One of the vaccines is the candidate that Oxford University and AstraZeneca are developing, which is a live virus vaccine and requires extremely low temperatures — down to -80 degrees celsius — to transport.

Sigma Healthcare chief executive Mark Hooper said the company supplied pharmacies across Australia each day and had the cold chain distribution network to ensure the vaccine remained effective after transport.

“We are engaging with the government at the moment because practically when a solution comes you are going to need a whole supply chain solution, so all of the distribution network will need to be actively involved and we see ourselves as playing a key part of that,” Mr Hooper said.

“We have already established ourselves of being able to do daily delivery and handling of cold-chain drugs.

“In terms of practically how that’s going to work, you’ll have to wait and see what form the vaccine is in. Some of them require quite low temperatures storage, others the traditional 2-8 degrees storage.”

Logistics giant DHL has highlighted the challenges of distributing COVID-19 vaccines around the globe, estimating global coverage will require 15,000 flights and about 15 million deliveries, all under stringent temperature controls, with last-mile delivery the biggest challenge.

It is also dependent on securing a viable vaccine. While Oxford University and AstraZeneca’s candidate is currently the world’s most advanced, its phase three trial was halted this week to “review the safety data of a single event of an unexplained illness” from a participant who was injected with the vaccine.

“At AstraZeneca we put science, safety and the interests of society at the heart of our work,” chief executive Pascal Soriot said.

“This temporary pause is living proof that we follow those principles while a single event at one of our trial sites is assessed by a committee of independent experts. We will be guided by this committee as to when the trials could restart.”

Under the agreement with the commonwealth, CSL will also manufacture 50 million doses of a separate vaccine candidate it has been developing with the University of Queensland since January.

Sigma’s talks with the commonwealth come as its half-year revenue dived 12.5 per cent to $1.64bn, while underlying net profit fell 5.1 per cent to $10.6m.

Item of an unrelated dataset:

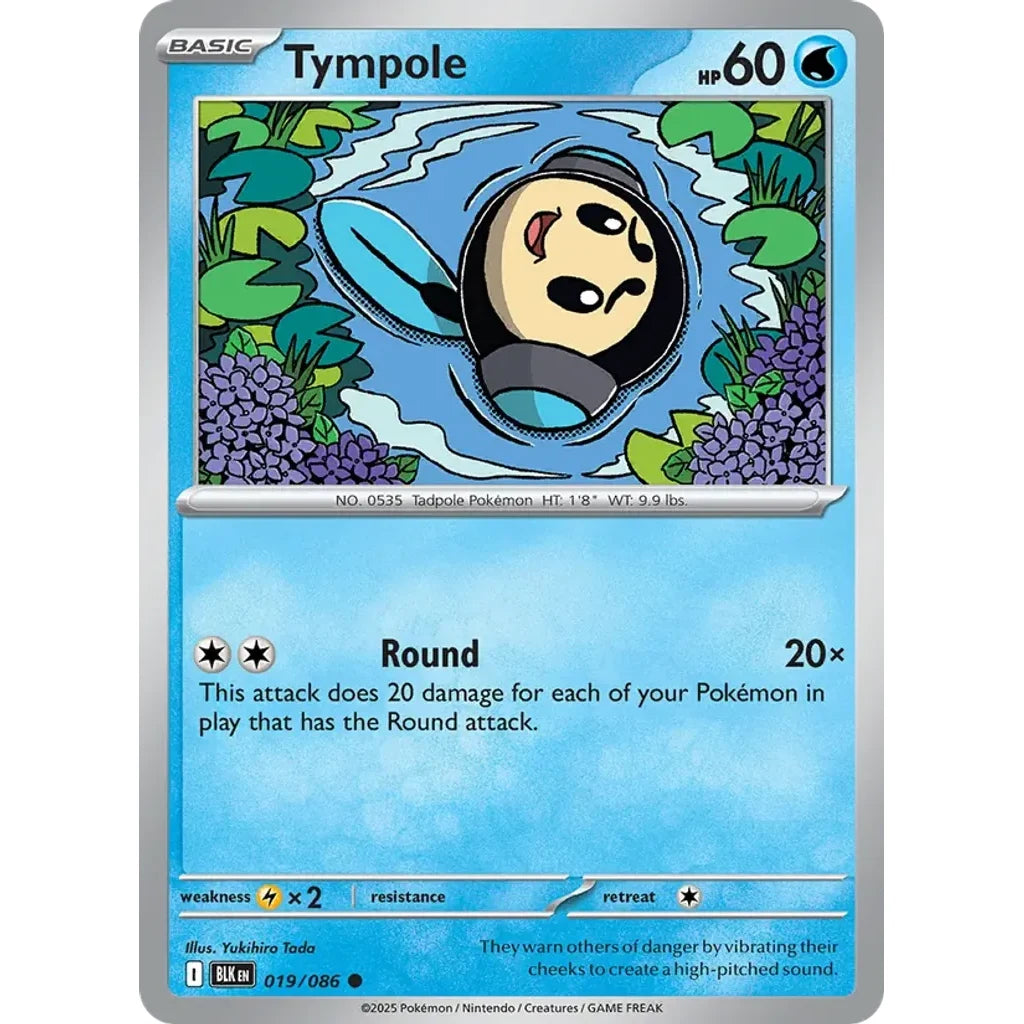 Tympole 019/086 Common SV: Black Bolt Pokemon Near Mint (NM) przód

The period, six months to July 31, included the partial resumption of its Chemist Warehouse contract, which it lost in 2018 and with it almost a third of its revenue. Sigma has since regained the fast-moving consumer goods component of the Chemist Warehouse contract but not the part covered by the Pharmaceutical Benefits Scheme.

The result also included a doubtful debt provision of $4.5m.

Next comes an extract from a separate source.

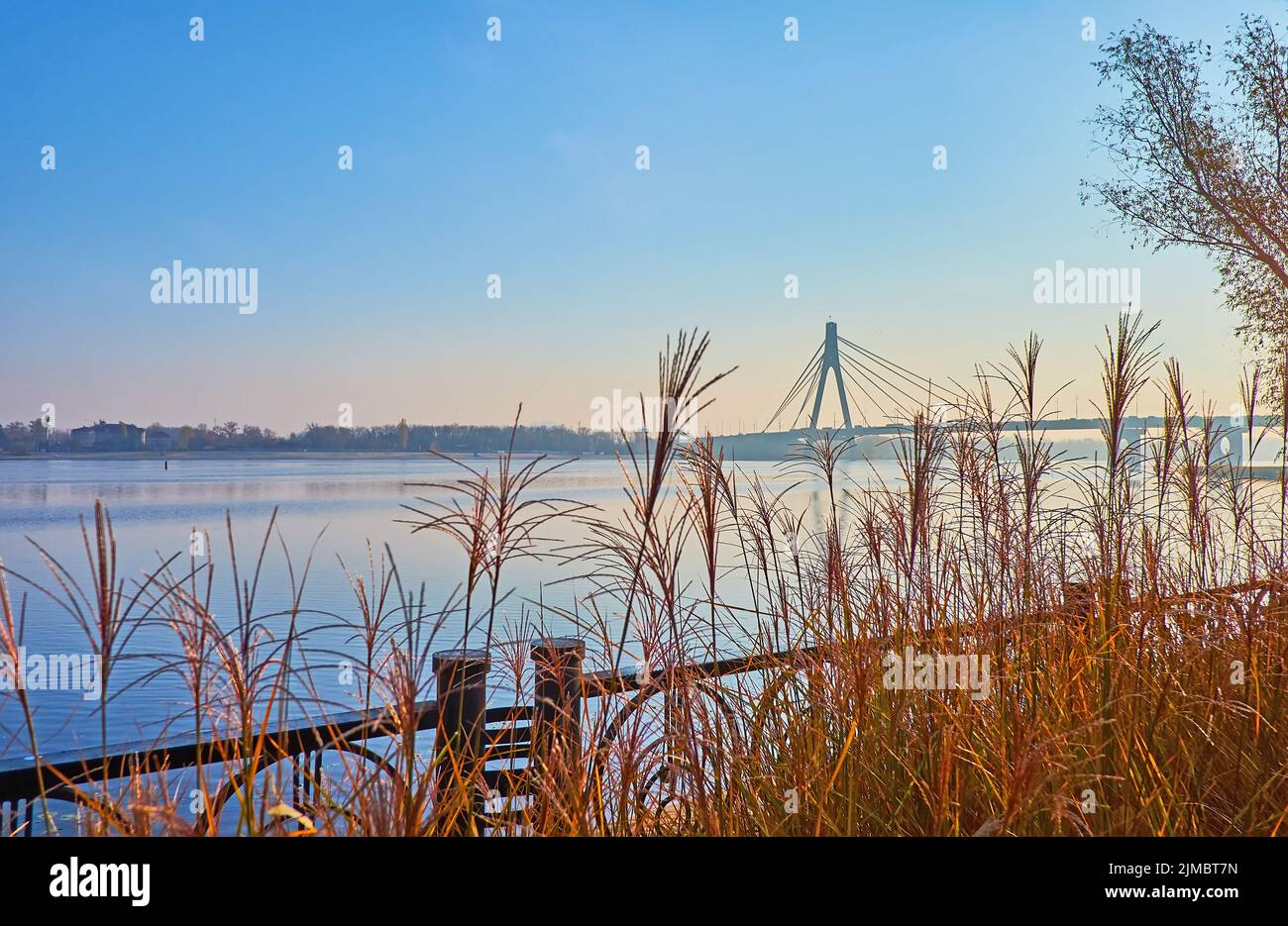 Goditi la nebbia della mattina autunnale al Natalka Park sul fiume Dnieper con una vista di addensati gialli secchi di erba argentea e di chiassosa Pivnichnyi (nord) Bridg Foto Stock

“Results from Sigma’s pharmacy business have unfortunately been negatively impacted by reduced merchandise and marketing income, due to lower promotional activity during COVID-19 restrictions, and the increased provision for doubtful debts given the uncertainty of the current economic environment,” Mr Hooper said.

“This has however been offset by underlying growth in other parts of the business and cost reduction initiatives.”

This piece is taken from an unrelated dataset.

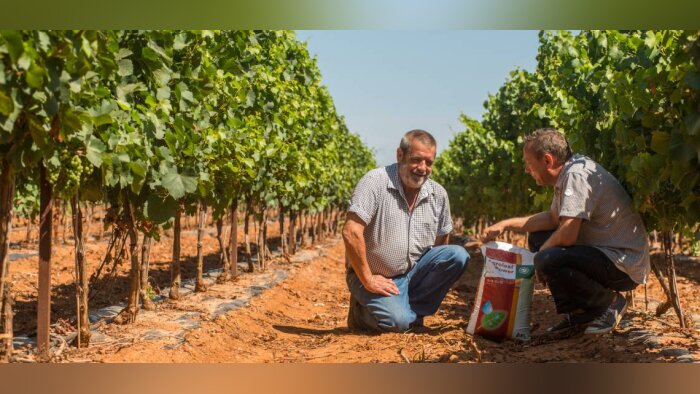 Engrais foliaires, une fertilisation de précision et efficace !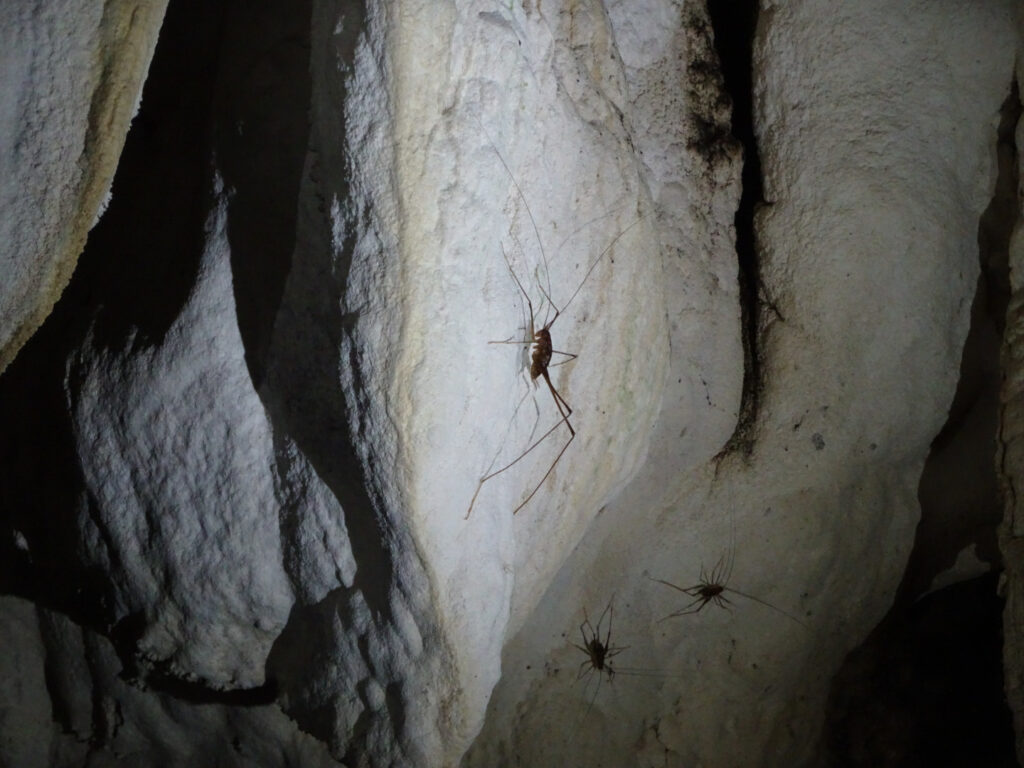 cave weta in aranui cave waitomo new zealand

The group’s statutory net profit jumped 87 per cent to $4.7m. On a like-for-like basis, revenue grew 9.5 per cent across Sigma’s Pharmacy brands

Mr Hooper said it was difficult to forecast exact earning guidance for the second half given the COVID-19 pandemic, but early indications are positive.

“While the vagaries of the COVID-19 pandemic make it difficult to give clear earnings guidance for financial year 2021, early indications are the momentum will continue in the second half. We are very excited by future opportunities for growth.”

The company has also strengthened its balance sheet through the sale of its distribution centres in Sydney and Brisbane for $172m under a leaseback arrangement. The transaction has reduced the company’s debt to $33.6m as of August 31.

Sigma will not pay an interim dividend, citing a lack of franking credits. It plans to pay shareholders a dividend within the next 12 months, subject to review.